Well, I officially outed myself on facebook. Until now I wasn't sure I wanted everybody to know that I have Lyme disease, since sometimes I feel like the "cootie girl." But when I get discouraged about everything that's going on, it helps me to think that perhaps I might help someone else avoid the same experience by sharing my experience with others. If you're reading this and you didn't know that I have Lyme, surprise! I contracted Lyme disease in 2003 while I spent six weeks with my mom in New England and got bit by a tick. Since then I have had mysterious symptoms, personality changes and debilitating illness which got continually worse until I finally got a diagnosis and started treatment in January 2009.
While Lyme is an extremely complex illness, it's highly preventable and very easy to treat in early stages. If you'd like to learn more about protecting yourself and your family, you can read through my post An Ounce of Prevention. I really hope in sharing this information I might be able to help someone avoid the suffering and frustration that this illness can cause. I started this blog with the idea that I wanted to keep a record of this journey for myself. But I'm hoping that in the process I can hopefully help others.
I've been on treatment for a year now, and sometimes I get really discouraged because I'm not better. When this happens, I have to remind myself that at the outset I was told that I would probably need to be on treatment for several years. It's a long process and I think that's why sometimes I feel overwhelmed. Tonight I was in such bad pain that I couldn't get comfortable. For the past three days I've had severe pain in my chest, along the joints that attach your ribs to your sternum. This morning I woke up with additional pain in the tiny joints in the bones across the top of my left foot, literally feeling as if I had broken my foot sometime during the night.
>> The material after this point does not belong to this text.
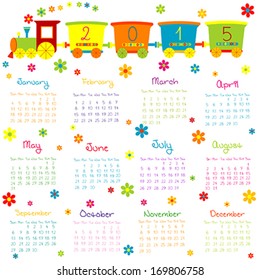 2015 Calendar with toy train and flowers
I have also been really off balance this week, having to catch myself on counters, door jams or furniture to keep from falling. Coupled with the grinding fatigue which is an almost daily battle, sometimes it gets to be almost too much to bear.
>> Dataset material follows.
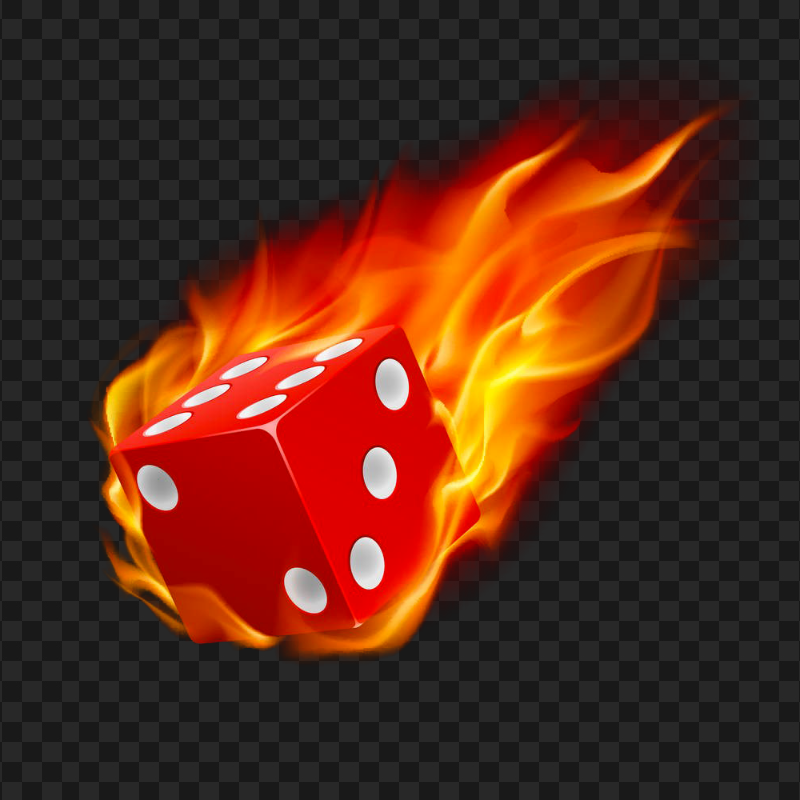 HD Dice Game On Fire Flame PNG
I am so blessed to have Bryan, who is so patient and kind to me. Tonight he rubbed my foot with muscle rub, then ibuprofen cream, then helped me prop it up in bed so I could try to get comfortable. With the muscle rub on my chest too, I know I stink of menthol, but he says he doesn't mind. I found my rice packs and heated several up in the microwave, and they are helping a lot. One great thing is that I had tons of energy today, which was so NICE. I don't mean to come across as complaining. I recognize there are worse things, AND that I'm extremely lucky to finally have been diagnosed and getting treatment. I'm trying really hard to battle against discouragement and depression, and I'm lucky to have wonderful people in my life who help me do that. It has also helped to try to stay as busy as possible when I am able to. Life is an adventure with lots of challenges, and I think this is the biggest one I've ever faced.
Candy,
ReplyDeleteI want to commend you on the courage to let us know about your struggles. I've never known you to be anything but cheerful and upbeat, even with all that's been happening to you. I pray that the treatment will bring about a full recovery. Should you ever care to visit the east again, I have an empty bedroom here in Maryland where you and Brian can stay. I even have a covered back porch complete with hammock to keep you out of the sun. :) I wish you a very happy, healthy 2010!
- Angelene
Are you headed back up to OR/WA sometime soon to meet with your doctor? Will they be able to give you any updates on your status & timeline ideas, or do they just kind of watch and deal with the symptoms pretty much at the same time you do? We pray for you all the time. The kids will be really excited tomorrow to hear that a prayer was answered with Bryan's job, we'll keep praying for another too, and school & your health. Everytime I think about all the reasons I should pray for you guys, your strength both impresses and inspires me. Stay strong :). We love you.